The main obstacle to effective automatic speech recognition is the lack of training material, especially for less-resourced languages such as Danish. Fortunately, the recent proliferation of available online content and open-source software has facilitated the collection of such data, lowering the threshold for wider-spread open ASR technology and research. In this regard, recordings of parliamentary sessions and their official reports are an invaluable resource. They are well-curated, ever growing, and openly accessible. Nevertheless, parliamentary speeches and their transcripts are not readily usable for ASR due to issues such as inaccurate timestamps, non-verbatim transcripts, and overly long utterances.
In this paper, we describe the development of a new ASR resource for Danish, FT Speech. It represents the biggest speech corpus for Danish spanning nine years of source material (2010–2019) and advancing Danish from a medium-resource to a high-resource language with respect to open-access speech data [lacunae]. We evaluate baselines for the new corpus and compare them to the ones trained on existing resources. Since parliamentary recordings are released on an ongoing basis, we plan to update the corpus as more source data becomes available.
2 Related Work
Research into ASR for Danish has been rather limited owing to the scarcity of publicly available speech corpora [lacunae]. At present, there are only two public Danish speech corpora: Danish Språkbanken and DanPASS, which were developed under different research questions and objectives.
The more comprehensive of the two, Danish Språkbanken, is included in Språkbanken (Norwegian Language Bank), a collection of open-access and open-source language resources for Norwegian, Swedish, and Danish compiled by Nordisk Språkteknologi (NST). It contains two subsets designed specifically for the development of ASR systems: NST Danish ASR Database (SBRead) [sprakbanken] and NST Danish Dictation (SBDictate) [sprakbanken_dictate].
SBRead is the only public data set suitable for training ASR systems. It contains around 390 hours of phonetically balanced read-aloud speech by a total of 616 speakers, as well as general meta-data about the speakers. A standardized version of this data set was released with a recipe to train ASR systems in the Kaldi repository (sprakbanken) [ASKphd2016]. On the other hand, SBDictate is a smaller data set with roughly 54 hours of speech by 151 speakers aimed at acoustic modeling of automatic dictation. However, despite their size and speaker variety, both of these data sets are limited by their highly contrived nature. Namely, the utterances in these data sets constitute read-aloud sentences or phrases such as personal names, place names, acronyms, numerals, spelled out letters, etc.
DanPASS is a phonetically annotated speech corpus primarily intended for acoustic and auditory phonetic analyses [gronnum2006danpass]. It contains about 9 hours of speech by 27 speakers recorded in a studio using professional recording equipment. Although this corpus may offer a theoretical basis for the development of speech technologies, it is not particularly suitable for ASR due to its small size and artificial setting.

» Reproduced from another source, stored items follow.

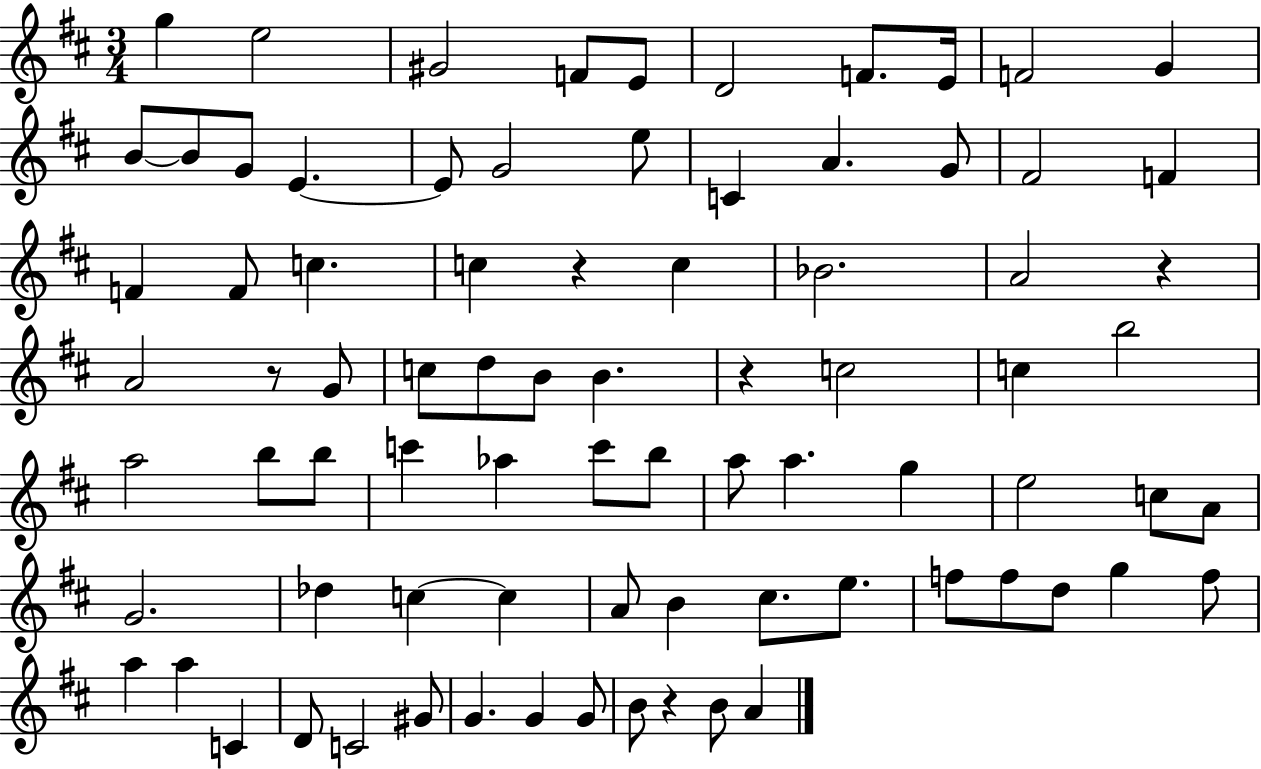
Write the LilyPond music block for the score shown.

{
  \clef treble
  \numericTimeSignature
  \time 3/4
  \key d \major
  g''4 e''2 | gis'2 f'8 e'8 | d'2 f'8. e'16 | f'2 g'4 | \break b'8~~ b'8 g'8 e'4.~~ | e'8 g'2 e''8 | c'4 a'4. g'8 | fis'2 f'4 | \break f'4 f'8 c''4. | c''4 r4 c''4 | bes'2. | a'2 r4 | \break a'2 r8 g'8 | c''8 d''8 b'8 b'4. | r4 c''2 | c''4 b''2 | \break a''2 b''8 b''8 | c'''4 aes''4 c'''8 b''8 | a''8 a''4. g''4 | e''2 c''8 a'8 | \break g'2. | des''4 c''4~~ c''4 | a'8 b'4 cis''8. e''8. | f''8 f''8 d''8 g''4 f''8 | \break a''4 a''4 c'4 | d'8 c'2 gis'8 | g'4. g'4 g'8 | b'8 r4 b'8 a'4 | \break \bar "|."
}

Currently, the Kaldi recipe sprakbanken represents the state-of-the-art on the SBRead test set and DanPASS [kirkedal-2018-acoustic]. However, for reasons outlined above, the perfomance of these models degrades sharply when they are confronted with large-vocabulary spontaneous speech, as we will show in Section 5.
In order to compile a corpus of utterances more akin to rapid spontaneous speech, we follow the recent trend of converting open parliamentary data into ASR speech corpora. This has been accomplished for languages such as Icelandic [helgadottir2017building], Finnish [mansikkaniemi2017automatic], and Bulgarian [bulgarian_asrcorpus]. In addition, a multilingual speech corpus has been constructed from the debates held in the European Parliament [europarlST]. Meanwhile, the official reports of Folketing meetings have already been used to create a text corpus released within CLARIN [DanishParliamentCorpus] and proved invaluable for multiple research disciplines [HaltrupFTGenderStudy, pedersen-etal-2016-semdax, hansen2019towards].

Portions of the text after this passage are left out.